FBI investigating Oakland Police Department
By Thomas Peele and Bob Butler, The Chauncey Bailey Project
OAKLAND – The FBI is investigating allegations that the head of the Oakland Police Department’s Internal Affairs Division nearly nine years ago beat a drug suspect who later died and then ordered subordinate officers to lie about it, according to police sources, some of whom federal agents have recently interviewed.
The beating allegations are just one aspect of a wide-ranging FBI probe, covering many of the department’s recent high profile problems, including the handling of the 2007 slaying of journalist Chauncey Bailey, according to the sources, who spoke on condition of anonymity for fear of workplace reprisals.
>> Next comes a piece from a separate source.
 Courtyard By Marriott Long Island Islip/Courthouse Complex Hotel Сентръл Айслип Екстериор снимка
FBI investigating Oakland Police Department
Documents say Oakland police beat suspect who died
Video: John Sasaki reports on FBI investigation into Oakland police misconduct
Capt. Edward I. Poulson, who heads Internal Affairs, was suspended by the department Thursday.
Poulson, of Danville, did not return messages Thursday. Police Chief Wayne Tucker refused requests for an interview. In a written statement released Thursday night, Tucker said the department was cooperating with the FBI.
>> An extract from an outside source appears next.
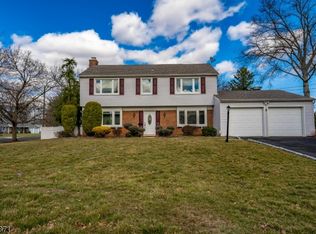 2 Orchid Ct, Somerset, NJ 08873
The FBI is investigating allegations that Poulson, working with an undercover team in April, 2000 kicked a drug suspect, breaking his ribs, the sources said. The suspect, Jerry Amaro, died about a month later of pneumonia caused by broken ribs and a collapsed lung, according to police documents. Before Amaro died he told several people about the incident, according to police reports.
Internal Affairs investigators at the time found that Poulson ordered subordinate officers to lie about his involvement, and they called for his firing, according to the sources. Then-Police Chief Richard Word instead suspended Poulson for two weeks. No charges were brought in Amaro’s death following a homicide investigation, the sources said.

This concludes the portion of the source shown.